What a turnaround! A bit longer than a decade after Gross declared that Dow 5000 was the right level for stocks, he now claimed the market was fairly priced at Dow 17,000.
Gross’s new view of stocks stems from his current view of financial markets, which he calls the “new neutral.” The term neutral is used by central banks to describe an interest-rate environment that encourages neither expansion nor contraction. In their quarterly economic forecasts, Federal Reserve policymakers have been projecting a long-term neutral federal funds rate (the interest rate at which banks lend excess reserves to each other) of about 4%. But both Gross and I believe that the neutral rate is closer to 2%. As I explained in my previous column, lower rates are a consequence of slower growth and lower inflation. Gross and I agree that lower rates should raise the valuation of assets such as stocks, bonds and real estate.
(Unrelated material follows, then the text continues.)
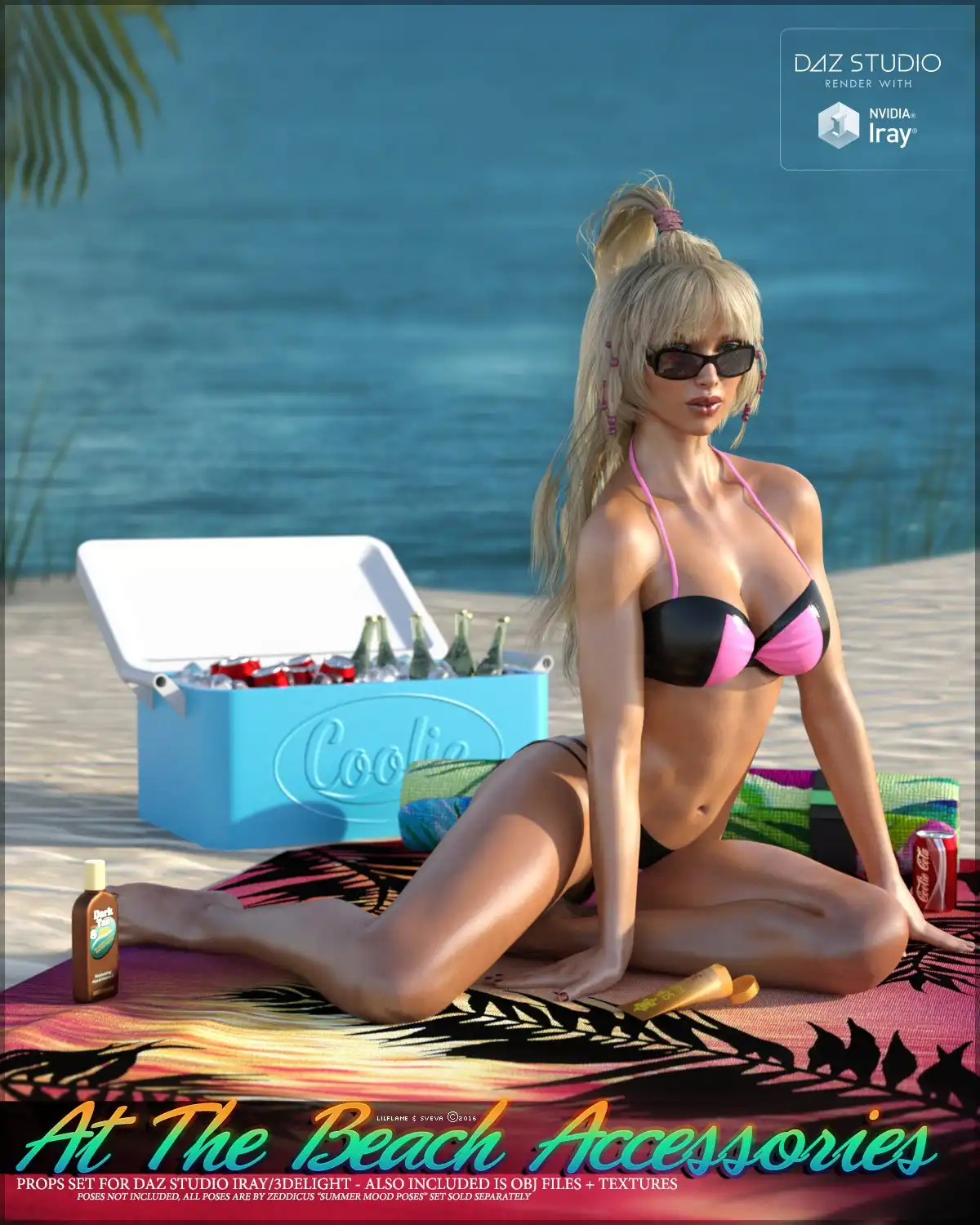 At The Beach Accessories_DAZ3D下载站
But this is where our agreement ends. I disagree with Gross’s expectations for stock returns, which he puts at only 4% before inflation. Although the bond market has adjusted to the “new neutral,” the stock market has not. The stock market’s current price-earnings ratio, at 16 times estimated 2014 earnings, is very near its historical average. That means stocks should nearly match their long-term real return of 6.6% annually. If we add the 2% that the Fed has targeted for the long-term inflation rate, that corresponds to a return in excess of 8%.
It’s good to see a long-term stock market bear like Bill Gross concede that stocks are not overpriced at today’s levels (although that in itself could be a bearish indicator). But he is still far too pessimistic about stocks’ future returns. Even if future corporate earnings do not rise any faster than inflation, the returns on stocks will swamp returns on fixed-income assets over the next decade. The “new neutral” doesn’t just mean that stocks are fairly priced. They’re actually undervalued if, as I expect, interest rates remain below 4%.